Orang-orang di Jakarta dan perusahaan yang berdiri kokoh di tanah yang berhubungan dengan Neng Anjarwati ini, tidak mencintai laut, sebaliknya malah mencintai hasil laut. Dua hal yang berbeda bukan?
Aku mengubah pola makanku karenanya. Di Makassar, aku bosan makan dan melihat ikan segar. Di Jakarta, aku bosan melihat ikan yang tidak segar yang seperti mati berkali-kali seperti politisi. Aku sungguh selektif.
Di Jakarta, orang mencintai para pekerja daripada para perindu silaturahmi.

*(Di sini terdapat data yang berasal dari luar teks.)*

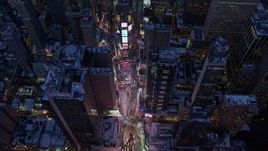 4.8K aerial stock footage Times Square in winter, New York City, twilight Aerial Stock Footage | AX66_0348E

Kerja, kerja, kerja. Silaturahmi, silaturahmi, silaturahmi. Dua jargon itu saling bertentangan dan membuat masyarakat harus mengambil pilihan.
Kerja lebih penting daripada membangun hubungan emosional. Begitu juga sebaliknya. Di Jakarta, tak muncul gagasan kerja dan silaturahmi jika digabung bagaimana dahsyatnya. Jakarta adalah adalah miniatur acara who want to be a millionaire.
Masyarakat Jakarta suka menonton dan mendengarkan band indie. Tapi tidak suka mendengarkan ocehan polisi tentang pelanggaran rambu lalu lintas. Tidak suka mendengarkan kata-kata kasar sekaligus kata-kata meneduhkan dari pemimpinnya.
Kampung halaman dan Jakarta punya hal yang sama dalam membisiki masyarakatnya: kapan pergi atau kapan pulang?